*** Opening of Material to process ***

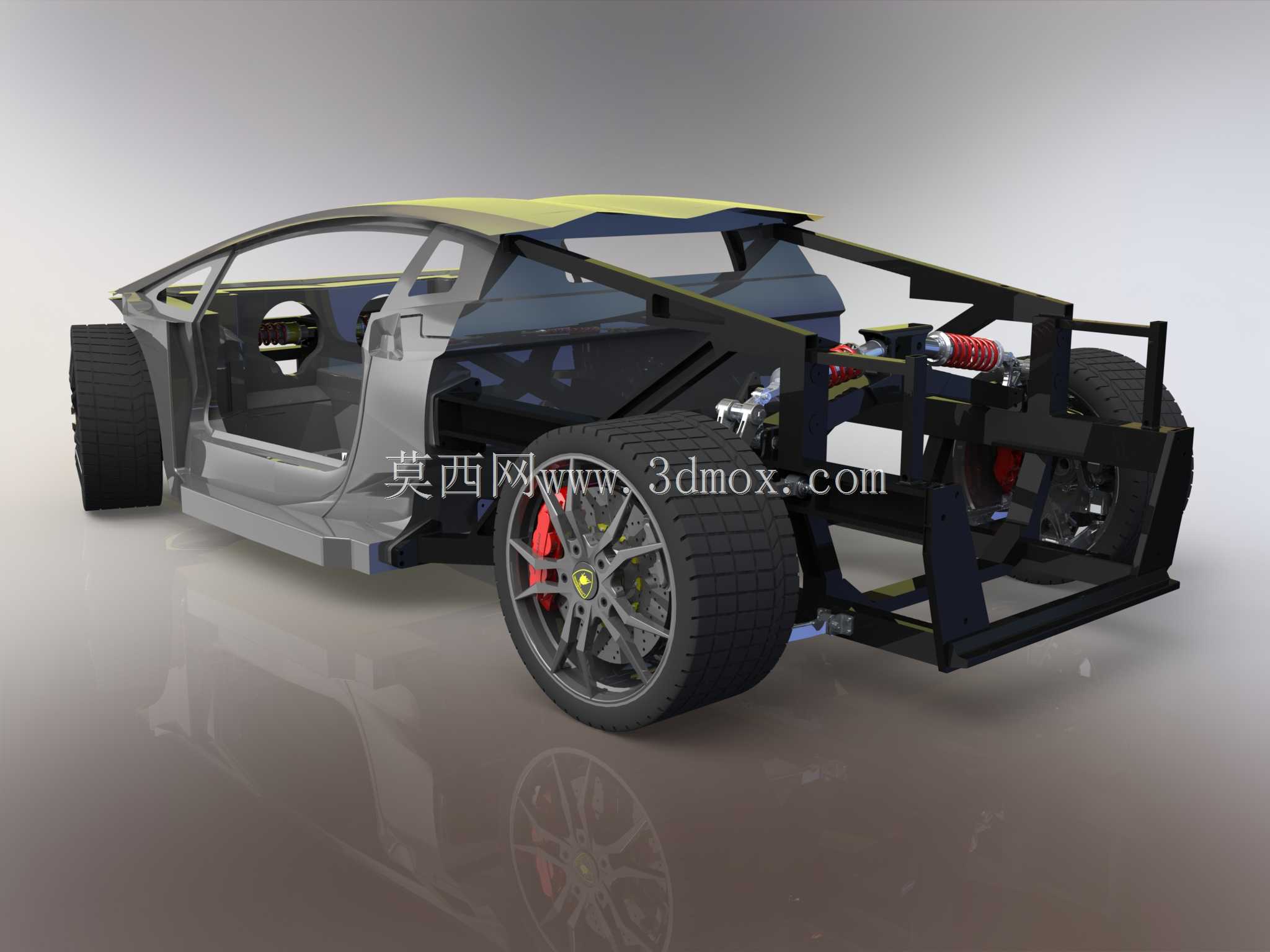 ��������Aventador��������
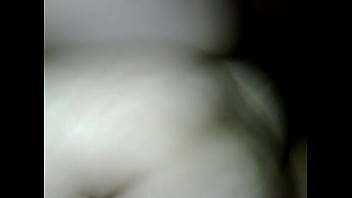 Preview 3 of Folm Porn German Hd Felt Up - VID 19.3GP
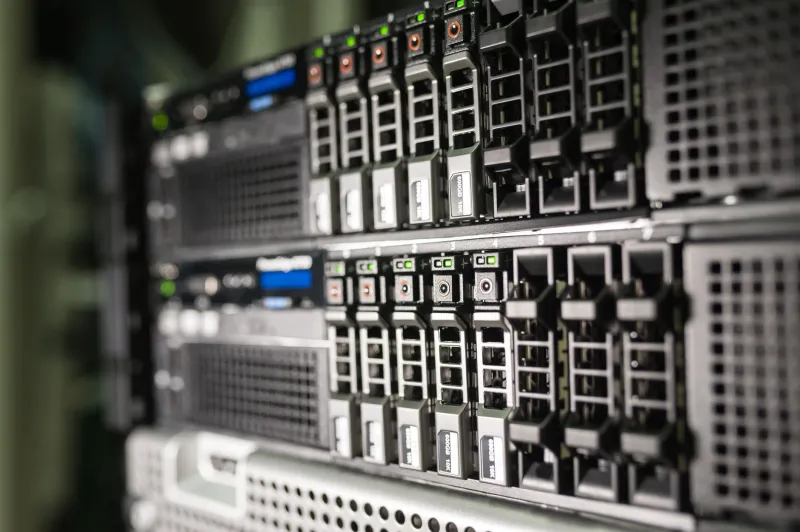 Counting the Full Cost: What Enterprises Miss When They Budget for Kubernetes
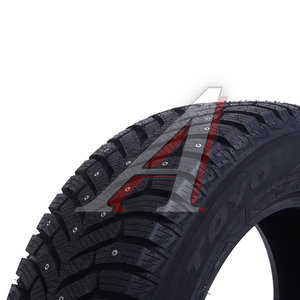 Покрышка TOYO Observe Ice-Freezer SUV шип. 215/65 R16, TW00678, 215/65R28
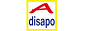 disapo.de disapo.de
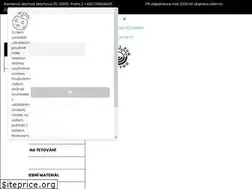 Sites similar to spiralsuntattoo.cz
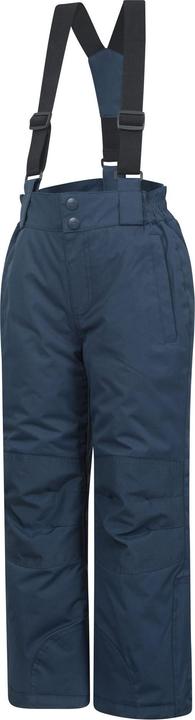 Image du produit Mountain Warehouse - Blouson et pantalon de ski - Enfant (98)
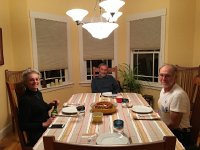 IMG 0333  Ready to eat that casserole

*** Close of Material to process ***

With pictures left out, repeat exactly the lines from the one containing "Sites similar to spiralsuntattoo.cz" through the last line of the data above, inclusive, and nothing else.

Exercise result:
 Sites similar to spiralsuntattoo.cz
 Image du produit Mountain Warehouse - Blouson et pantalon de ski - Enfant (98)
 IMG 0333  Ready to eat that casserole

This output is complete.